#### THE DATA
>>>>

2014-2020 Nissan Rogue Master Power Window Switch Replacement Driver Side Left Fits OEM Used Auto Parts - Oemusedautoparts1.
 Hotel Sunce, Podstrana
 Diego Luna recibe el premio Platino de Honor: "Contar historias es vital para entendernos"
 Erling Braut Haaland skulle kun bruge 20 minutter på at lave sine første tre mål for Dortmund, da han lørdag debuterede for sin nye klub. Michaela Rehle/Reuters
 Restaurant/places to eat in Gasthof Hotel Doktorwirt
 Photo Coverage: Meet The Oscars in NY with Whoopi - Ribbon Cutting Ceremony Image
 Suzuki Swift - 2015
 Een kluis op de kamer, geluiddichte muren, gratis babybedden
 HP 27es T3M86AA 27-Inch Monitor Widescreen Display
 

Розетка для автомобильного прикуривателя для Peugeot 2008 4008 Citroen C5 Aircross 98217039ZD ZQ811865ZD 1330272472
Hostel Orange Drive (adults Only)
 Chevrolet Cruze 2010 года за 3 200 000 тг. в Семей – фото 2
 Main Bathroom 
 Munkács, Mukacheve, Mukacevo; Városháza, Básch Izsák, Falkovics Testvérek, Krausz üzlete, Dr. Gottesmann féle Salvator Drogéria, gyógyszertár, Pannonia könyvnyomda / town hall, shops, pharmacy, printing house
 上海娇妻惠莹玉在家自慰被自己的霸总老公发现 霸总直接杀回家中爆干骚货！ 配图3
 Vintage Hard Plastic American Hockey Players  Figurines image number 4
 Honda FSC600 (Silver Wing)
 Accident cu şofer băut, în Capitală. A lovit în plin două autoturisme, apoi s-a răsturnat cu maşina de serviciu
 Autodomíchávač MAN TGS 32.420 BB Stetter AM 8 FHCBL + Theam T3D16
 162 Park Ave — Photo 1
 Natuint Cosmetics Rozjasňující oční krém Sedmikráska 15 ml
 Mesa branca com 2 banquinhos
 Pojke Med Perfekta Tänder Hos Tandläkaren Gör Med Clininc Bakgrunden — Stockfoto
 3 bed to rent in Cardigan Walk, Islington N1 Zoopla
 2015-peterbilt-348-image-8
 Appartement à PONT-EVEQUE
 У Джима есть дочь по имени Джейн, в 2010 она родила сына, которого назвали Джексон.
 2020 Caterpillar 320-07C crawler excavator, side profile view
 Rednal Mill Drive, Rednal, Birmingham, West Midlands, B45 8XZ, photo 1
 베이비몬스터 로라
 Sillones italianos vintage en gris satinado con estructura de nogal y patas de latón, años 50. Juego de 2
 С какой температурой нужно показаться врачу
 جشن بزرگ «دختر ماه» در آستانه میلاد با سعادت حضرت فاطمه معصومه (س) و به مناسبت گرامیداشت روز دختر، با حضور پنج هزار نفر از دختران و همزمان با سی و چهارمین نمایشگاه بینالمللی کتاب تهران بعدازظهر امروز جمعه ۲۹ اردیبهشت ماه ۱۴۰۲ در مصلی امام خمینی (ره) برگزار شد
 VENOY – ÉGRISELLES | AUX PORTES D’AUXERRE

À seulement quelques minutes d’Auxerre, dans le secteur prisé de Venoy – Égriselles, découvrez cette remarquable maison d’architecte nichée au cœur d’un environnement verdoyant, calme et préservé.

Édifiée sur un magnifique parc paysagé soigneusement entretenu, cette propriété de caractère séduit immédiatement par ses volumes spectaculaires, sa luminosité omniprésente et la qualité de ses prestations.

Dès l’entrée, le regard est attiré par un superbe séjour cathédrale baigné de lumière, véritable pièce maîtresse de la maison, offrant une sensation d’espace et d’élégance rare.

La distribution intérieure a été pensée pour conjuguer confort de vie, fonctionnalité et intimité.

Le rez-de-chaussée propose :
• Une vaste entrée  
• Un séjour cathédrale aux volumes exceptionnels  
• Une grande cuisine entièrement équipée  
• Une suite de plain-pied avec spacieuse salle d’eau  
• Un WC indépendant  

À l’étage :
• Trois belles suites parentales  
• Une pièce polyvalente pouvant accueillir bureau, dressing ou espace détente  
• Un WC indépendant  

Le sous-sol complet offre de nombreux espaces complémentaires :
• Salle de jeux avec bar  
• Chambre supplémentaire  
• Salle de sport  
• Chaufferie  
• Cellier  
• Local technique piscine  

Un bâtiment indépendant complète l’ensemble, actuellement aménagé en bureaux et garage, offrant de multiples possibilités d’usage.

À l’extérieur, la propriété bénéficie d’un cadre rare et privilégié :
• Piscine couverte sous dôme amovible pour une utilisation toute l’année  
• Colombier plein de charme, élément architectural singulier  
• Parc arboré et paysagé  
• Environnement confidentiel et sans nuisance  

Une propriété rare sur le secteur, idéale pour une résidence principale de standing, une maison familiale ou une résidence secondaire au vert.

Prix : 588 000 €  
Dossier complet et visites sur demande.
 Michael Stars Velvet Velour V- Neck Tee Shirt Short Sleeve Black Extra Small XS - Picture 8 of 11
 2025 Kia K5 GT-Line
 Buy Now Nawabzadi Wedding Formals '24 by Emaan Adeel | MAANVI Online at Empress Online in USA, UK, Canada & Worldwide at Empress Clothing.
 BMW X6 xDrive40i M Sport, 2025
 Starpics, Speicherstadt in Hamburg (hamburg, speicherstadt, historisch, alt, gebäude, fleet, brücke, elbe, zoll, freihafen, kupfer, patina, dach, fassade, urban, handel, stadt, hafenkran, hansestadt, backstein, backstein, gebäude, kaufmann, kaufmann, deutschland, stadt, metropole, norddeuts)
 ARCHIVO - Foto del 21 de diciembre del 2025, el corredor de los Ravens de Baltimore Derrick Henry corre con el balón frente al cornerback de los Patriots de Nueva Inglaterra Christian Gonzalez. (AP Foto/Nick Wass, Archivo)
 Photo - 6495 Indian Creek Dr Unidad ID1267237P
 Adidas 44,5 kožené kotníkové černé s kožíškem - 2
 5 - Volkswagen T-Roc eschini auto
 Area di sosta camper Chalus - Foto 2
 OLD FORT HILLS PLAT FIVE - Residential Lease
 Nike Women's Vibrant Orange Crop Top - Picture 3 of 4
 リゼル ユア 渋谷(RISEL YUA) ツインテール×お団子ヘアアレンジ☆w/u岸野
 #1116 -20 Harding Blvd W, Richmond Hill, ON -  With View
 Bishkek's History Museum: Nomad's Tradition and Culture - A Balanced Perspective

<<<<

#### ABOUT THIS EXERCISE
Copy, please, exactly the lines that start at the first line of the data and end at the line containing "上海娇妻惠莹玉在家自慰被自己的霸总老公发现 霸总直接杀回家中爆干骚货！ 配图3", both kept and no others.

#### RESPONSE TO THE EXERCISE
2014-2020 Nissan Rogue Master Power Window Switch Replacement Driver Side Left Fits OEM Used Auto Parts - Oemusedautoparts1.
 Hotel Sunce, Podstrana
 Diego Luna recibe el premio Platino de Honor: "Contar historias es vital para entendernos"
 Erling Braut Haaland skulle kun bruge 20 minutter på at lave sine første tre mål for Dortmund, da han lørdag debuterede for sin nye klub. Michaela Rehle/Reuters
 Restaurant/places to eat in Gasthof Hotel Doktorwirt
 Photo Coverage: Meet The Oscars in NY with Whoopi - Ribbon Cutting Ceremony Image
 Suzuki Swift - 2015
 Een kluis op de kamer, geluiddichte muren, gratis babybedden
 HP 27es T3M86AA 27-Inch Monitor Widescreen Display
 

Розетка для автомобильного прикуривателя для Peugeot 2008 4008 Citroen C5 Aircross 98217039ZD ZQ811865ZD 1330272472
Hostel Orange Drive (adults Only)
 Chevrolet Cruze 2010 года за 3 200 000 тг. в Семей – фото 2
 Main Bathroom 
 Munkács, Mukacheve, Mukacevo; Városháza, Básch Izsák, Falkovics Testvérek, Krausz üzlete, Dr. Gottesmann féle Salvator Drogéria, gyógyszertár, Pannonia könyvnyomda / town hall, shops, pharmacy, printing house
 上海娇妻惠莹玉在家自慰被自己的霸总老公发现 霸总直接杀回家中爆干骚货！ 配图3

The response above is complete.